Bitcoin Investor Michael Saylor Speaks With German Government After Selling 49,858 BTC

Michael Saylor, MicroStrategy’s chairman, recently aimed a comment at the German government following the liquidation of roughly $3 billion in Bitcoin.

The German government announced that they had dumped 49,858 bitcoin tokens in less than three weeks, with a total estimated value of €2.6 billion, or $2.9 billion. The transaction was described in the statement as an “emergency” measure related to an ongoing criminal investigation.

Industry executives have criticized the government’s decision to liquidate such a large amount of Bitcoin, despite its declared need for transactions. This is especially true when Wall Street giants are realizing this asset class.
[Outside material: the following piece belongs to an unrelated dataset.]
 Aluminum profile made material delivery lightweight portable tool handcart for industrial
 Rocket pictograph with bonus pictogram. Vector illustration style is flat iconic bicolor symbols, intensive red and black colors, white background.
Being out of bitcoin is an emergency in itself

Saylor turned to social media on Wednesday to vent his displeasure, saying in German, “It’s not an emergency until you run out of Bitcoin.” His snarky remark implies that being without Bitcoin represents an emergency scenario in itself.

Interestingly, Saylor’s company has invested over $8.3 billion in Bitcoin since 2020, making it a dedicated investor. As a result, the company’s unrealized profit is over $6.2 billion.

Besides the chairman of MicroStrategy, German politicians have complained about the rapid sell-off of Bitcoin.

Lawmaker Joana Cotar argued that the German government should keep Bitcoin as a reserve currency rather than liquidate it. Cotar emphasized that selling Bitcoin by the government in this day and age is both risky and unhelpful.

While Germany has sold its bitcoin assets, other countries, such as El Salvador, have taken a more proactive approach.

El Salvador has accepted Bitcoin as legal currency since 2021, and right now the country holds 5,808 bitcoins worth over $300 million.

In addition, a bill would allow for creating private investment banks using bitcoin and other digital assets in the country.

German officials said the $2.9 billion sale was “market-friendly”

Particularly, Germany’s authorities used a Frankfurt-based bank to sell Bitcoin assets across multiple marketplaces between June 19 and July 12.

Despite publicly available evidence, German authorities declared that the sale of bitcoins was market-friendly. It said that the deals in the market were made in a fair and benign manner.

Nevertheless, the value of Bitcoin dropped by more than 22% during the sale, from $65,695 to $53,717. Notably, Bitcoin has recovered since the sale ended on July 12 and just yesterday hit a new monthly high of $66,066.